** INPUT FOR THIS TASK follows **

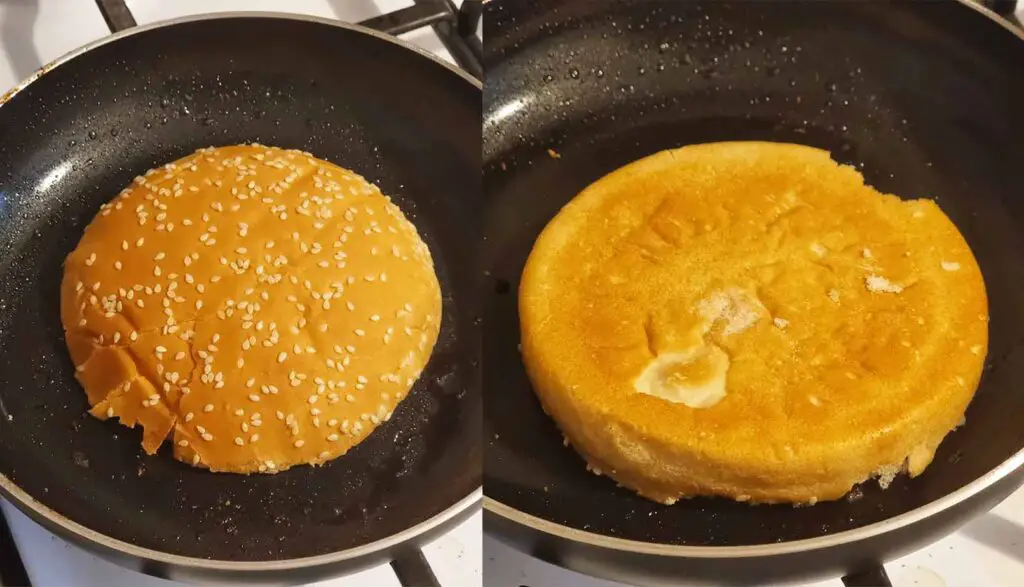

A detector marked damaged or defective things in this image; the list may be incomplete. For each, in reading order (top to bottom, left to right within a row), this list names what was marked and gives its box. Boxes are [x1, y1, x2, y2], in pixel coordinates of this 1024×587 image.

burnt residue [0, 17, 479, 557]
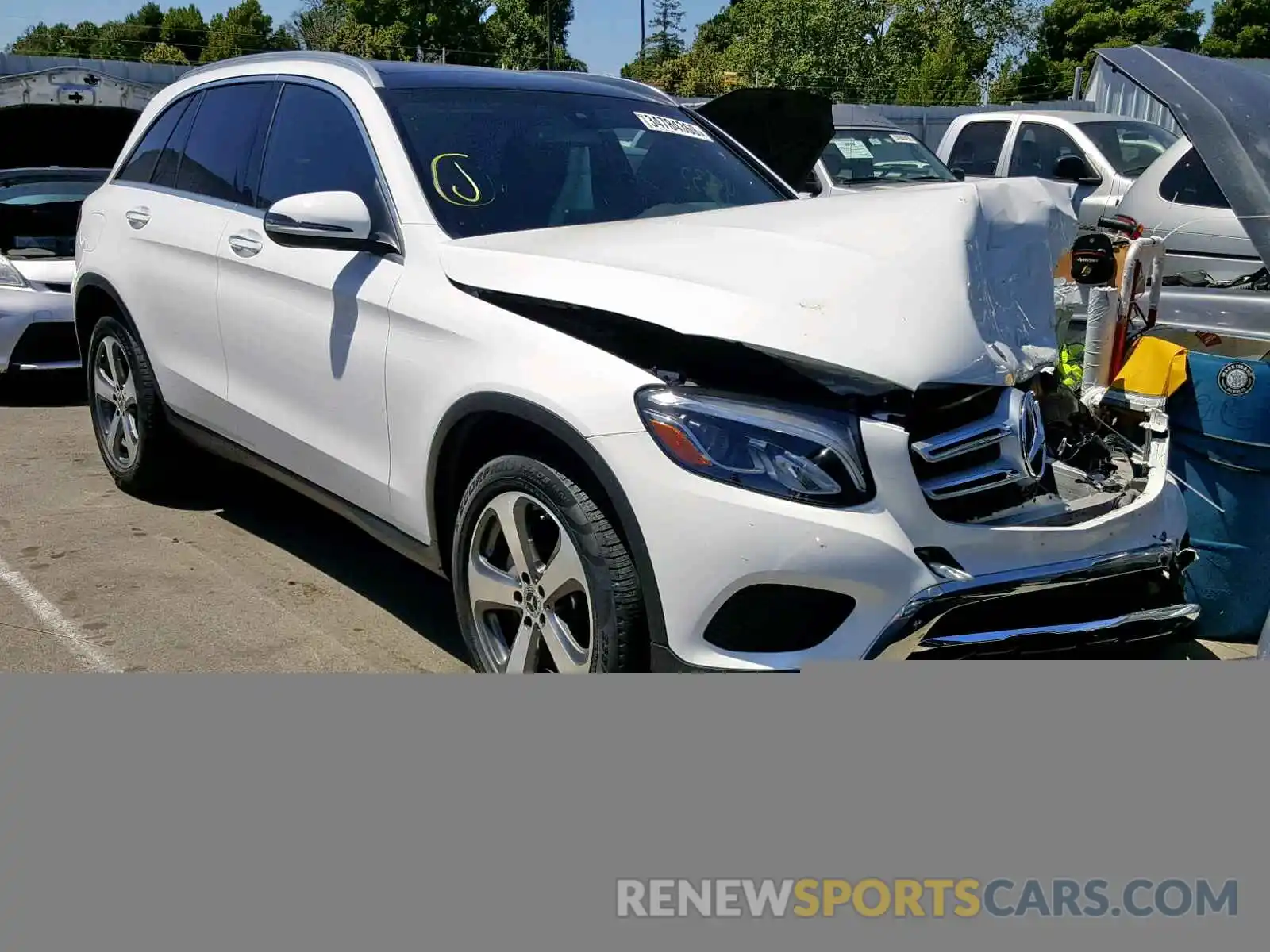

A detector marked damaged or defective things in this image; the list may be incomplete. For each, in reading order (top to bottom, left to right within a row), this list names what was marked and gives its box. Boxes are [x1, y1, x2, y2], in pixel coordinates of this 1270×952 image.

cracked hood [1092, 46, 1270, 263]
damaged white suv [75, 52, 1194, 670]
cracked hood [441, 177, 1080, 389]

** End of INPUT FOR THIS TASK **

→ **EXERCISE BRIEF**
Exactly reproduce the lines of the entries above, from the one containing "this 1270×952 image." to the very last, and no others.

→ **RESPONSE FOR THIS EXERCISE**
A detector marked damaged or defective things in this image; the list may be incomplete. For each, in reading order (top to bottom, left to right within a row), this list names what was marked and gives its box. Boxes are [x1, y1, x2, y2], in pixel coordinates of this 1270×952 image.

cracked hood [1092, 46, 1270, 263]
damaged white suv [75, 52, 1194, 670]
cracked hood [441, 177, 1080, 389]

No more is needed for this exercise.